- Promotional poster

Chinese name
- Traditional Chinese: 楊門女將之軍令如山
- Simplified Chinese: 杨门女将之军令如山

Standard Mandarin
- Hanyu Pinyin: Yáng Mén Nǚ Jiàng Zhī Jūn Lìng Rú Shān

Yue: Cantonese
- Jyutping: Joeng^{4} Mun^{4} Neoi^{5} Zoeng^{3} Zi^{1} Gwan^{1} Ling^{6} Jyu^{4} Saan^{1}
- Directed by: Frankie Chan
- Written by: Frankie Chan Liu Heng Ma Honglu
- Produced by: Jackie Chan Wang Tianyun
- Starring: Richie Jen Cecilia Cheung Cheng Pei-pei Liu Xiaoqing Kathy Chow
- Cinematography: Wu Rongjie Chen Youliang Zhang Wenjie
- Music by: Roc Chen
- Production companies: Shanghai Film Group Corporation Feng Huang Motion Picture Co. 中视文化有限公司 Beijing Century Culture Communication Co., Ltd. 乐道文化投资有限公司 同方联合影业集团有限公司
- Distributed by: 上海东方影视发行公司 中国电影股份有限公司北京电影发行分公司 尚视影业
- Release date: 18 November 2011;
- Running time: 108 minutes
- Country: China
- Language: Mandarin

= Legendary Amazons =

Legendary Amazons is a 2011 Chinese historical drama film directed by Frankie Chan and written by Chan, Liu Heng and Ma Honglu. The film is based on the stories of the Yang Clan Generals. It stars Richie Jen, Cecilia Cheung, Cheng Pei-pei, Liu Xiaoqing, and Kathy Chow. The film is based on the same source material as the 1972 Hong Kong film The 14 Amazons.

==Plot==
The film is set in early 11th century China during the reign of Emperor Renzong of the Song dynasty. The emperor neglects state affairs and indulges in personal pleasures, while the government sinks into corruption and war continues to rage on at the borders of the Song dynasty. The Song dynasty is being invaded by the armies of the rival state of Western Xia.

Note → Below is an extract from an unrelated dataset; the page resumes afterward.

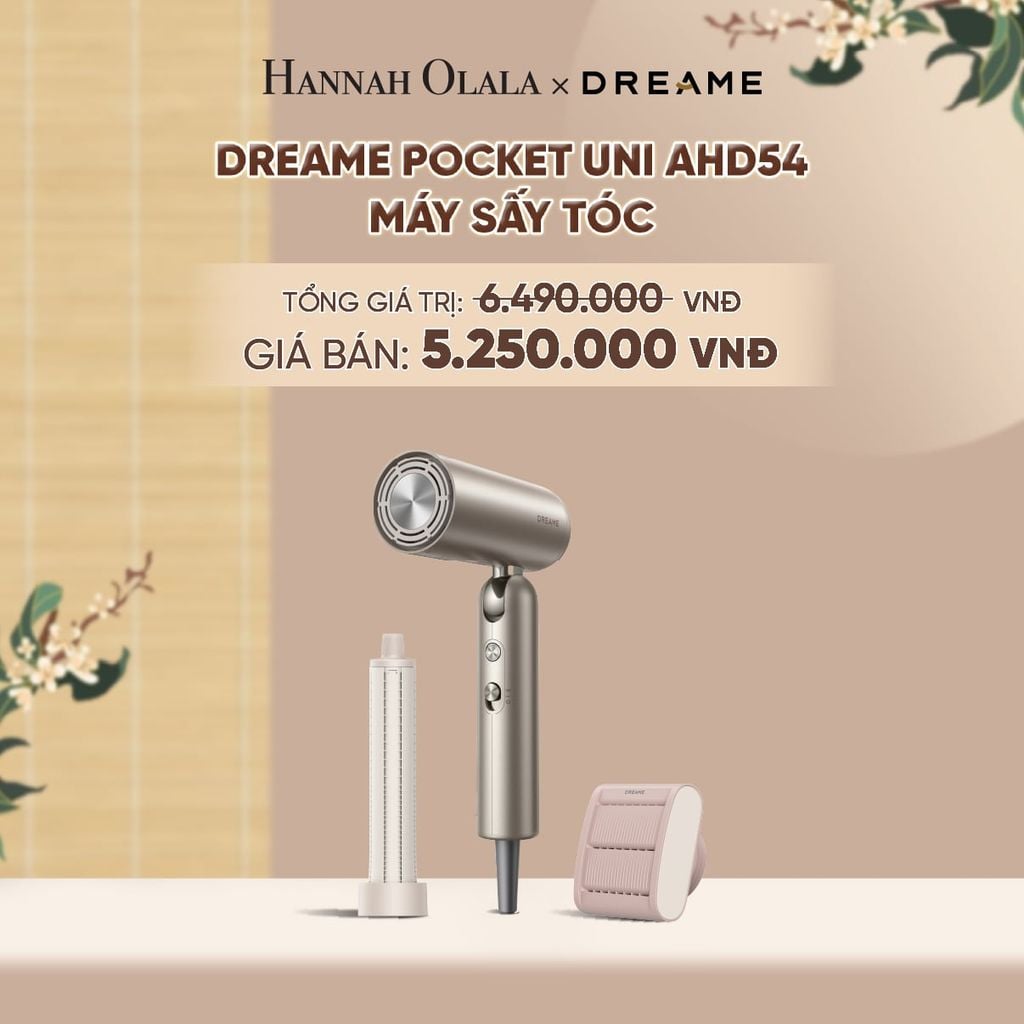 DREAME POCKET UNI AHD54 MÁY SẤY TÓC ION ÂM TƯƠNG THÍCH ĐIỆN ÁP TOÀN CẦU GẤP GỌN TÍCH HỢP TẠO KIỂU TÓC - BH 24 THÁNG - A1180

Yang Zongbao is the last man standing in the Yang clan, a family of generals who have dedicated their lives to defending the Song dynasty from foreign invaders. He apparently dies in battle tragically when the treacherous Imperial Grand Tutor (minister) Pang refuses to send reinforcements to aid him. Yang Zongbao's widowed wife, Mu Guiying, leads the other widows of the Yang clan into battle to continue the legacy of their husbands.